These experiments are performed with a single Memcached server running with 32 GB of memory and a single Memcached client node.

In the OHB Set Micro-benchmark, the Memcached client repeatedly sets an item of a particular size on the Memcached server. The RDMA-enhanced Memcached design (both In-memory and SSD-based Hybrid) improves the latency of set operations by up to 5.8X over default Memcached running over IPoIB (100Gbps).

In the OHB Get Micro-benchmark, the Memcached client repeatedly gets an item of a particular size from the Memcached server.
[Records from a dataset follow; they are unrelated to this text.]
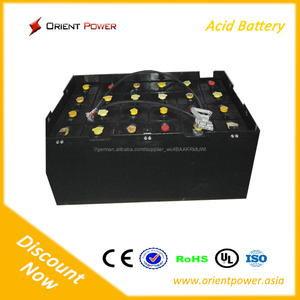 3 PzS 240 L 240Ah gabelstapler batterie 48 v 80 v gabelstapler batterie batteriebetriebene gabelstapler 2 V Trockenbatterie - Product Image 1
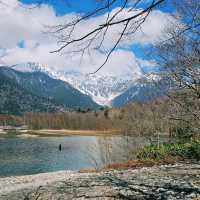 必訪日本阿爾卑斯山美景〔大正池〕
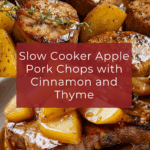 Crock Pot Apple Pork Chops Recipe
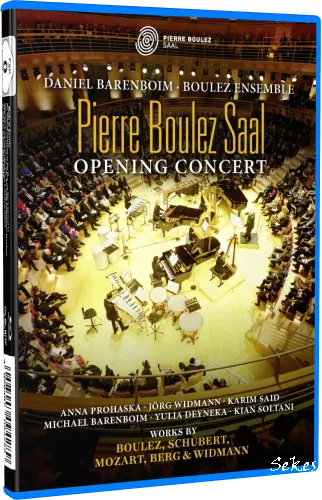 Pierre Boulez Saal - Opening Concert (2017, Blu-ray)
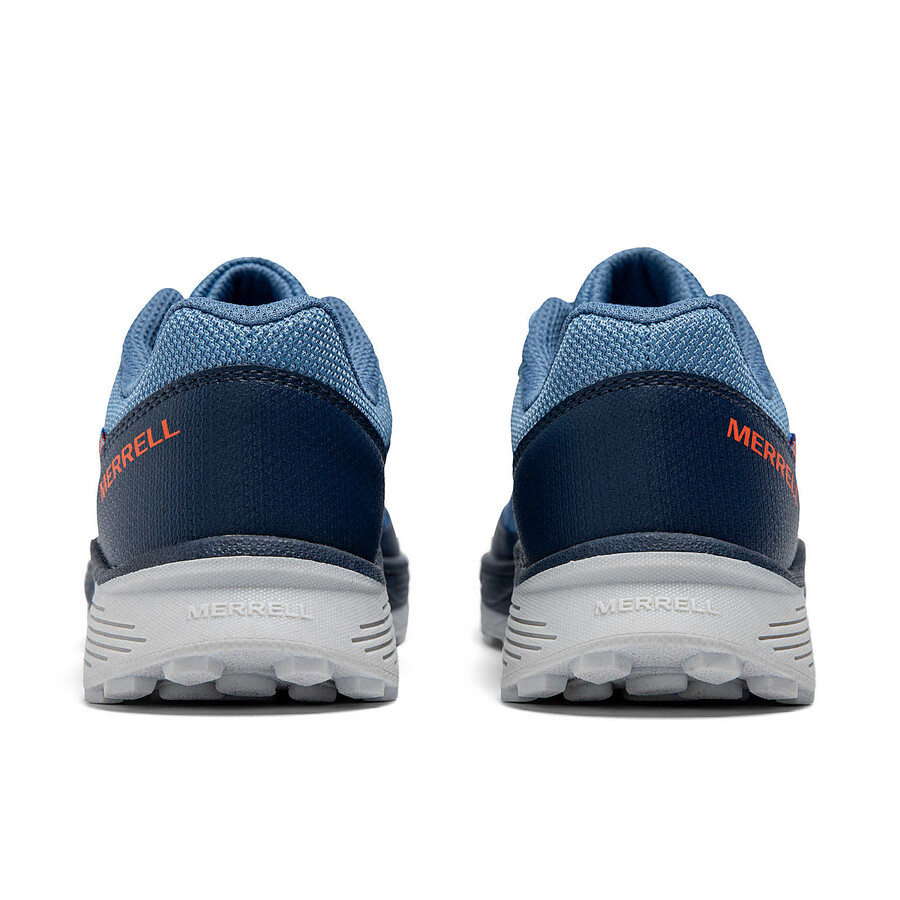 big kid - snova - shoes bk blueorange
Compared to IPoIB (100Gbps), the RDMA-enhanced Memcached design (both In-memory and SSD-based Hybrid) improves the latency of get operations by more than 4-6.3X.

In the OHB Mix Micro-benchmark, the Memcached client repeatedly sets and gets an item of a particular size on the Memcached server, with a read/write mix of 90/10. We can observe that the RDMA-enhanced Memcached design (both In-memory and SSD-based Hybrid) improves the latency of set operations by more than 3.8-6.7X as compared to default Memcached over IPoIB (100Gbps).


OHB Hybrid Micro-benchmark with Zipf Pattern

Hybrid normal RI2

OHB Hybrid Micro-benchmark with Uniform Pattern

Hybrid uniform RI2

OHB Hybrid Micro-benchmark Success Rate

Success Rate RI2

Experimental Testbed (OSU - RI2 Cluster): Each storage node on OSU-RI2 has two fourteen Core Xeon E5-2680v4 processors at 2.4 GHz, 512 GB main memory, and a single 400GB PCIe SSD. The nodes support 16x PCI Express Gen3 interfaces and are equipped with Mellanox ConnectX-4 EDR HCAs with PCI Express Gen3 interfaces. The operating system used is CentOS 7.

These experiments are performed with a single Memcached server and a single Memcached client node.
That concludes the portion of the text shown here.